Benjamin Netanyahu, figlio di Benzion – il consigliere di Ze’ev Jabotinsky, fondatore del Sionismo Revisionista e autore di “On the Iron Wall (We and the Arabs)”, titolo ricalcato peraltro nel nome dell’operazione lanciata da Israele in Cisgiordania a fine gennaio 2025 – capo del Likud dal 1993 e oggi per la sesta volta capo di governo, non continua la guerra a Gaza come sostengono molti per rinviare i suoi appuntamenti giudiziari, né perché ostaggio della destra messianica. Netanyahu, scrive Shlaim, non è un politico moderato di destra, è egli stesso un estremista, propugnatore convinto della Greater Israel, che comprende la Giudea e la Samaria, ossia la Cisgiordania, con una missione esistenziale: impedire la creazione di uno Stato palestinese indipendente.
Partito Sbagliato
Nella stessa direzione, il ritiro di Israele da Gaza del 2005 è stato tutt’altro che un contributo alla pace come si è voluto far credere, piuttosto una mossa nell’interesse di Israele: 8.000 coloni hanno lasciato la Striscia e l’anno dopo, grazie al governo del Likud, 12.000 nuovi coloni si sono insediati in Cisgiordania, dove il muro di separazione costruito dallo stesso Sharon è stato in realtà un ridisegno dei confini, che aveva a che fare più con l’appropriazione della terra che con la sicurezza dello Stato.
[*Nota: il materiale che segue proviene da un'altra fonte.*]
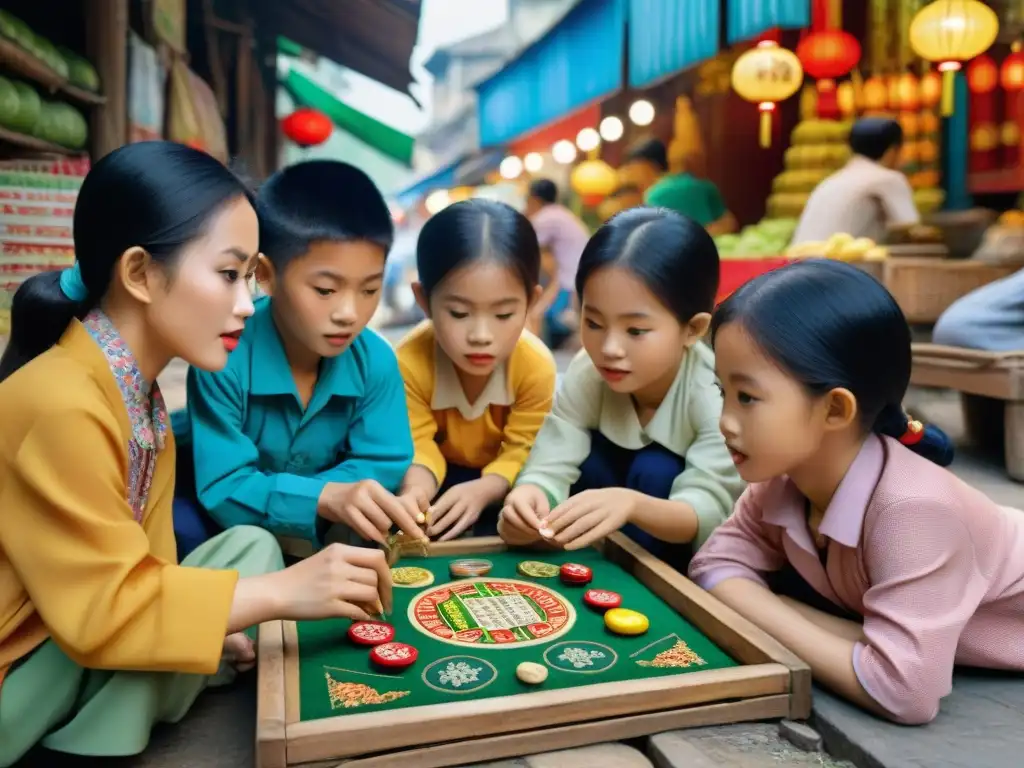 Niños vietnamitas juegan O An Quan en bullicioso mercado callejero de Hanoi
A Gaza, quando nel 2006 alle elezioni legislative dell’Autorità Palestinese – che, sottolinea l’autore, si sono svolte democraticamente – ha vinto Hamas, il partito sbagliato per Israele e l’Occidente, e ha formato un primo governo e poi un secondo di unità nazionale nel 2007 composto per lo più da tecnocrati, non solo Israele e i suoi alleati non li hanno riconosciuti, Israele ha rigettato la proposta di Hamas, il Movimento di Resistenza Islamico, più morbido rispetto alle posizioni massimaliste e antisemite del 1988, di negoziare una tregua a lungo termine, che significava l’accettazione di un accordo a due Stati e implicitamente il riconoscimento di Israele da parte di Hamas.
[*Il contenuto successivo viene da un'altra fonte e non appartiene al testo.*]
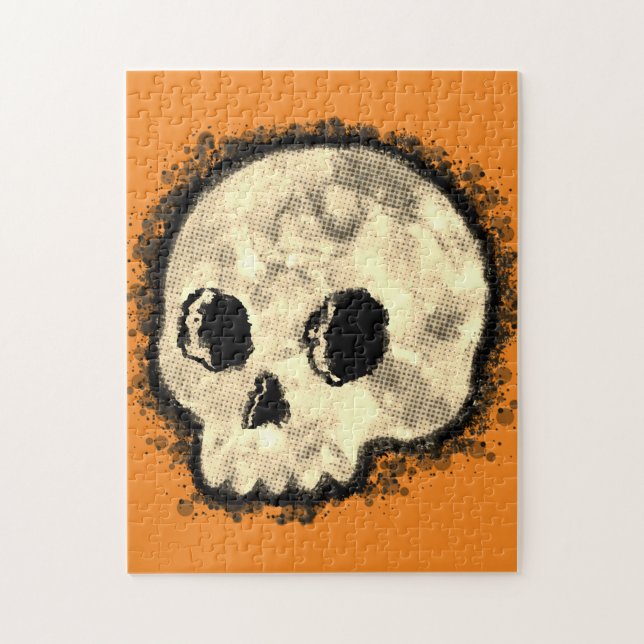 Sepia Dotted Halftone Skull Wasserfarbe Puzzle (Vertikal)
Si è saputo poi nel 2008 dai Palestine Papers del tentativo di Israele e degli Stati Uniti di sabotare il governo Hamas aiutando Fatah a organizzare un colpo di Stato. Hamas ha però giocato d’anticipo e ha preso il potere a Gaza con la violenza nel giugno 2007. Le operazioni militari dell’IDF, le forze di difesa israeliane, del 2009, 2012, 2014, 2021, 2022, per “tagliare l’erba” – secondo una metafora disumanizzante – sono state vere e proprie punizioni collettive per il numero sproporzionato di morti, che non hanno fatto altro che preparare ognuna la guerra successiva.
Intenti genocidari
Ma la convinzione che ci fossero intenti genocidari non è stata immediata per l’autore, che non ha mai messo in dubbio la legittimità dello Stato di Israele nei confini precedenti il 1967 e ha sempre sostenuto la soluzione dei due Stati, anche se questa è una prospettiva ormai sotterrata: meglio, dice, un solo stato “dal fiume al mare” dove ci siano libertà e uguali diritti per tutti.

Non solo l’uccisione di civili su scala industriale e la distruzione delle infrastrutture civili, ma il blocco degli aiuti umanitari e la morte per fame a Gaza mostrano che si è andati ben oltre l’autodifesa.
Il genocidio, scrive, è l’ultima risorsa di chi, frustrato, opera una pulizia etnica. Il Sionismo e l’Ebraismo, ci tiene però a precisare, sono due cose diverse, il primo è un’ideologia, l’altro una religione. Il governo presieduto da Netanyahu è l’antitesi dei valori ebraici, che sono l’altruismo, la verità, la giustizia e la pace.